Here, the best results are found for the first two laser pulses, corresponding to a maximum ablation depth of approximately 10 µm (compare Figure 6). This is explained by the fact that plasma treatment processes generally provoke near-surface modifications up to a depth of some tens of nanometers as also confirmed by depth-resolved SIMS in previous work (compare Section 2). Thus, the bigger part of the plasma-modified layer, i.e., silicon suboxide and implanted hydrogen, is removed after the first laser pulse. However, it was shown in (previously unreleased) work that the hydrogen implanted by the plasma treatment can act as precursor for a subsequent laser-induced chemical reduction of deeper regions within the glass bulk material [31], giving rise to an improved coupling of laser irradiation. The diffusion depth of hydrogen in glassy materials can amount to several microns. This fact explains the plasma-induced improvements of the contour accuracy up to ablation depth of approximately 10 µm, which is about 100-times higher than the depth of penetration of the plasma. It can further be assumed that the plasma treatment provokes several secondary effects such as the formation of non-bridging oxygen (NBO) and a modification of the silicon dioxide tetrahedron’s bond angles and interatomic distances within a near-surface bulk material layer. Such modifications were already observed in the case of plasma-treated fused silica. For higher ablation depths, where the glass bulk material is not sufficiently influenced by the plasma, the ablation behavior is nearly the same as for untreated glass.

5. Conclusions

In the present work it was shown that crucial optical parameters of the investigated photovoltaic cover glass were modified by the applied plasma pre-treatment. In particular, the UV-transmission was notably reduced, giving rise to an improved coupling of incoming laser irradiation. For a low number of laser pulses, this effect allows a significant reduction of flaking around the ablation spots and an accompanying decrease in form error without affecting the ablation depth, i.e., the ablation rate.
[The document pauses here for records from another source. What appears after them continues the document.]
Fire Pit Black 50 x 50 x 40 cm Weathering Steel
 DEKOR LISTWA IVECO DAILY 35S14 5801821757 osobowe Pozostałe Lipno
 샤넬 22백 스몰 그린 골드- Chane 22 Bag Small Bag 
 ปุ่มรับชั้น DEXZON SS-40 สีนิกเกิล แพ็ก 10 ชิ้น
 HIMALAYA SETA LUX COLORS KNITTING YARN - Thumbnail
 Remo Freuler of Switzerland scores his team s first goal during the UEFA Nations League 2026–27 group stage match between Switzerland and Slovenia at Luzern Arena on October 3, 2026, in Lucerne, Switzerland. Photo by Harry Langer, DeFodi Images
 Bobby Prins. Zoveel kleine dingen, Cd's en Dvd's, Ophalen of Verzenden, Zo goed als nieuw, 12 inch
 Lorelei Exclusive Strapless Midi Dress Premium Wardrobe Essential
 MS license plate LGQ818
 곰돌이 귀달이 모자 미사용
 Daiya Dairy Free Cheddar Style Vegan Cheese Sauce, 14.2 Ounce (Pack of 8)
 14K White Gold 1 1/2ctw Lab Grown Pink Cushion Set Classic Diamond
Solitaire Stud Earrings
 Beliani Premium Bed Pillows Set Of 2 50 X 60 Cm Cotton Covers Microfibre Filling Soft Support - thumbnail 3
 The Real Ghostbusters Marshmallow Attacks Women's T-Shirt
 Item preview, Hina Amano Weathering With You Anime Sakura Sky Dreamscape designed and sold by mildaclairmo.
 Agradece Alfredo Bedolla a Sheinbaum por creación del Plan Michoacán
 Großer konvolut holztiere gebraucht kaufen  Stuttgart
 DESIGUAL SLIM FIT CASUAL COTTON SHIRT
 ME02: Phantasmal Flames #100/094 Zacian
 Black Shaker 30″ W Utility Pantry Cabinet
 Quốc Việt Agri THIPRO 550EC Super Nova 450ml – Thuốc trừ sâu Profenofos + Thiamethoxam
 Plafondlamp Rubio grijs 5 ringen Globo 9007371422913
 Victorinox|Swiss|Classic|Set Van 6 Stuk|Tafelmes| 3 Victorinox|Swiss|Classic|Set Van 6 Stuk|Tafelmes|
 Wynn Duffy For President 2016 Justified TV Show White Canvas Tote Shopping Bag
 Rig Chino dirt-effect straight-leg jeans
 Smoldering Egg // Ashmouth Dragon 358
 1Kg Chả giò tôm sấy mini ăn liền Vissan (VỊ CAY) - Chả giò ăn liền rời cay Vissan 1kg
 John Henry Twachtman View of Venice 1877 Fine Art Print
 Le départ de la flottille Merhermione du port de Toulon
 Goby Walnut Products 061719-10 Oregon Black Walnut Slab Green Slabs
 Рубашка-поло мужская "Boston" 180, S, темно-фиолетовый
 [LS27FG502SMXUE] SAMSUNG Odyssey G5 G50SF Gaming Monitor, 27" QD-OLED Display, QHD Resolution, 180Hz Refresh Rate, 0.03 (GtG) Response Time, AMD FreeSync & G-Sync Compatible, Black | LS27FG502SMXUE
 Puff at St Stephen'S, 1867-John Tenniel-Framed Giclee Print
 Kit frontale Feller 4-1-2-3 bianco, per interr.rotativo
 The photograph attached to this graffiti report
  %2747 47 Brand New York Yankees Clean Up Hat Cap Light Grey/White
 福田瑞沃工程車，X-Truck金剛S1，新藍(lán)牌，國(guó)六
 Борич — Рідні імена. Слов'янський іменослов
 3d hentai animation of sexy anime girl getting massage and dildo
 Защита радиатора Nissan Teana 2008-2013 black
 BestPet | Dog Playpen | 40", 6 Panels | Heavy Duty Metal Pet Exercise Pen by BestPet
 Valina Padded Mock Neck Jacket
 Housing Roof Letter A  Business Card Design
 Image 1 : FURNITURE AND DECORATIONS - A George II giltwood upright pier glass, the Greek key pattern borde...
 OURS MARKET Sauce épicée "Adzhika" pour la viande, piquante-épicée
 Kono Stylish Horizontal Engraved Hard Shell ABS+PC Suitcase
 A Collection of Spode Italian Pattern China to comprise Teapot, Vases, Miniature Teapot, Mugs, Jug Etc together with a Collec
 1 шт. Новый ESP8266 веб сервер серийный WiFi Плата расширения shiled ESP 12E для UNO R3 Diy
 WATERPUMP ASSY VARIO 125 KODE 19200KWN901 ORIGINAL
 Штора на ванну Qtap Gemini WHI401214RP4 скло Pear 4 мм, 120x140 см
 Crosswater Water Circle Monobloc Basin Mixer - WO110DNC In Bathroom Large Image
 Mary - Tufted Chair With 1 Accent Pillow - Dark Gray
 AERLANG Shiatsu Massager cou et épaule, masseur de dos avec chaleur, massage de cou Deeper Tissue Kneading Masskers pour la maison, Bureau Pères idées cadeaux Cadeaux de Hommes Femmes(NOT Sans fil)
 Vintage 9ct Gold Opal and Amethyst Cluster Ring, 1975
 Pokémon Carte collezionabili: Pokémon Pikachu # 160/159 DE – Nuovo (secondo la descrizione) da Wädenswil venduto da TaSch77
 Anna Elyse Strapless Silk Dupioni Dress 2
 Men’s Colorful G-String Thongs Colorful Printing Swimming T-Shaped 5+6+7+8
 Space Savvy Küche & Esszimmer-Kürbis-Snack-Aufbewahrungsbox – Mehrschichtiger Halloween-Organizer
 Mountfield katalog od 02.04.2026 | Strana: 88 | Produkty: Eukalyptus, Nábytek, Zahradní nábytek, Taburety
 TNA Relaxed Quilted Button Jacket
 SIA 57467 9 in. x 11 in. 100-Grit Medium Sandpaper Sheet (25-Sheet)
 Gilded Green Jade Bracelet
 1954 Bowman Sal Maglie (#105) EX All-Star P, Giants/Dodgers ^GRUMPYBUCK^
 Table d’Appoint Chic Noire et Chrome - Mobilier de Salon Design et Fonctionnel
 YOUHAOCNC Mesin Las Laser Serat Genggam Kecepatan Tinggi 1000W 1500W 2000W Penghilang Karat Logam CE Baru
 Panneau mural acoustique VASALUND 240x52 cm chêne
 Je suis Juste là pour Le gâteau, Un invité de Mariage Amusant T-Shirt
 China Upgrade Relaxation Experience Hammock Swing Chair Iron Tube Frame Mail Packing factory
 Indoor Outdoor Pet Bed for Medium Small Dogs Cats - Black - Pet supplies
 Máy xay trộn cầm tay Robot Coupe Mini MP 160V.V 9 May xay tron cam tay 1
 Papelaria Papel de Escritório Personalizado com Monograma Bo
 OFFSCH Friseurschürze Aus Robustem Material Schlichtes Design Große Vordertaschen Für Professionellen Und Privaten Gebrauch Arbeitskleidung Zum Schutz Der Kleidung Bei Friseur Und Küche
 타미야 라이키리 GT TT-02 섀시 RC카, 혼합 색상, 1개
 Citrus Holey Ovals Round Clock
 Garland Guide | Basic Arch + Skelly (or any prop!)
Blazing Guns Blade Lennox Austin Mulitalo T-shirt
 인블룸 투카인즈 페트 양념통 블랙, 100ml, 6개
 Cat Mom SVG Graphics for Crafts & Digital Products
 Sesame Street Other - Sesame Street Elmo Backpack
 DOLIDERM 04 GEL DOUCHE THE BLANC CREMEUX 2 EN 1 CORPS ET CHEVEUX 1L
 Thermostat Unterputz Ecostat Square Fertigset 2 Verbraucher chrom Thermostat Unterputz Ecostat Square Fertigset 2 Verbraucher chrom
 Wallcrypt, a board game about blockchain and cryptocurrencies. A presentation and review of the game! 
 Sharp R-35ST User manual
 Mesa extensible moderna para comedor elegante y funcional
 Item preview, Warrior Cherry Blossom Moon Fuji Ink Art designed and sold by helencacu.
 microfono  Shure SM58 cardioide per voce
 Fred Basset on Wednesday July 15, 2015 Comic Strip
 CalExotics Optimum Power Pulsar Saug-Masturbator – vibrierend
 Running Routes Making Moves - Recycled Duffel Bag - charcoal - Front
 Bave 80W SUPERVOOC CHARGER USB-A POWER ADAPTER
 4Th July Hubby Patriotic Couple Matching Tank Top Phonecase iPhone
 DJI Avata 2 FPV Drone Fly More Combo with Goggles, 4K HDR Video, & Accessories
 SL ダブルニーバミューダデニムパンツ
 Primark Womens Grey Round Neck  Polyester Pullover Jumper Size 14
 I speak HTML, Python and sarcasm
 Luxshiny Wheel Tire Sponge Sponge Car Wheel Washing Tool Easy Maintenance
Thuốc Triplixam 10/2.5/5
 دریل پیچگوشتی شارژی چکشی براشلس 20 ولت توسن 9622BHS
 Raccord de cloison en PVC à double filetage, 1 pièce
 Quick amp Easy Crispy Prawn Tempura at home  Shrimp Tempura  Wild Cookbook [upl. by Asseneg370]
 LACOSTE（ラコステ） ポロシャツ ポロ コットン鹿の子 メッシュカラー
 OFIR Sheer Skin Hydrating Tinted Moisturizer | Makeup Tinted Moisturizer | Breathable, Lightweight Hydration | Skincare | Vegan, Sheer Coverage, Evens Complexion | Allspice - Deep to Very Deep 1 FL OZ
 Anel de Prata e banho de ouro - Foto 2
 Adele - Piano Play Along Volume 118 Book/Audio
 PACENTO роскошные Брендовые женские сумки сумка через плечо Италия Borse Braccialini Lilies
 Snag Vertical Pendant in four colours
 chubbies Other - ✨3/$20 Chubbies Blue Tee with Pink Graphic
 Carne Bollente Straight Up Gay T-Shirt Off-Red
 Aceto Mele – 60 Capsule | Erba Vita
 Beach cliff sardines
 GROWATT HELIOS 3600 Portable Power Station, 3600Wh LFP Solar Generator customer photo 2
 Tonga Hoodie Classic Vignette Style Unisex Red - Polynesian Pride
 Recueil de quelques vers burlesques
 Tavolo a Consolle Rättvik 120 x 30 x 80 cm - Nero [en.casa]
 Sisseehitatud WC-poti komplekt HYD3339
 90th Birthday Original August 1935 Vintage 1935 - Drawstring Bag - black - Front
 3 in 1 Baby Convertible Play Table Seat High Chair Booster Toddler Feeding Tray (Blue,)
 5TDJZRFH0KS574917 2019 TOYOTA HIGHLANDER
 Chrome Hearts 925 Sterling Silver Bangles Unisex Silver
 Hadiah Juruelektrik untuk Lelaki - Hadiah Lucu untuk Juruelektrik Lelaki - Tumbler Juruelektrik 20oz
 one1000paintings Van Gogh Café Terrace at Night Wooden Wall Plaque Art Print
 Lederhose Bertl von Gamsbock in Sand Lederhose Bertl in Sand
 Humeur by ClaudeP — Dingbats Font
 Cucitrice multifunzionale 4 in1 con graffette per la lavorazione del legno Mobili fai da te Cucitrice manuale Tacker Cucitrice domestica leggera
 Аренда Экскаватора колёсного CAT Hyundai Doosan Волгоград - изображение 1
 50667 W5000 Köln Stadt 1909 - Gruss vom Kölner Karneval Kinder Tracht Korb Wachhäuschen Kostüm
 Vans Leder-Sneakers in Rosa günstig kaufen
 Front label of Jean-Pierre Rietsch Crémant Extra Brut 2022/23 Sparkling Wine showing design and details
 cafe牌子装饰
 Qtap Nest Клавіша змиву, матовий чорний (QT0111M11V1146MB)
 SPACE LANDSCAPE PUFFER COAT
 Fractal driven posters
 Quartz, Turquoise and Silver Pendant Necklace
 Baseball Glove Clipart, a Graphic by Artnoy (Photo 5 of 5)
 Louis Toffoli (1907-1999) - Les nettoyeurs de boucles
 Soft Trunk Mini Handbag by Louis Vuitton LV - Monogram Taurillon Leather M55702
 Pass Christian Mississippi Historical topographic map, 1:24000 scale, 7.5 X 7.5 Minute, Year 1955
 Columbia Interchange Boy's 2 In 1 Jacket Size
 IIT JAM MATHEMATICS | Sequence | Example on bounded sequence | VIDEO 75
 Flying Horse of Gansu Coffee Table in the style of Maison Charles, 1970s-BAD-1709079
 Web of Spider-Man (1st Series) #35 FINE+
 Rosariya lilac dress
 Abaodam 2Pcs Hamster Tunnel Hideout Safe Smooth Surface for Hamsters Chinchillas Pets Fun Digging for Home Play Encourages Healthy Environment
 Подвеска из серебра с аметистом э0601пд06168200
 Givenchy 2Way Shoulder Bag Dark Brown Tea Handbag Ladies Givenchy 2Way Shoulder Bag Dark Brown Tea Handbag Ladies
However, comparatively long-term plasma pre-treatment is required for achieving the observed enhancements of the laser ablation process. In order to improve the efficiency and to shorten the process time of this plasma treatment, further experiments have to be performed. Here, deciding plasma parameters such as the composition of the used process gas, the plasma power and the plasma discharge type shall be modified and optimized.

Another approach for providing an industrial-scale atmospheric pressure plasma-assisted laser ablation method is the application of a simultaneous process instead of a sequential one. The feasibility of such simultaneous plasma-assisted ablation was already shown in previous work where argon was used as process gas [32,33,34]. One has to consider that in this case, the advantage was taken of plasma-physical mechanisms instead of plasma-chemical effects. The characteristics and performance of a simultaneous process using chemically reactive hydrogenous process gases will be investigated in ongoing work. Such simultaneous process should further be applied in order to improve the ablation quality during multiple-pulse ablation.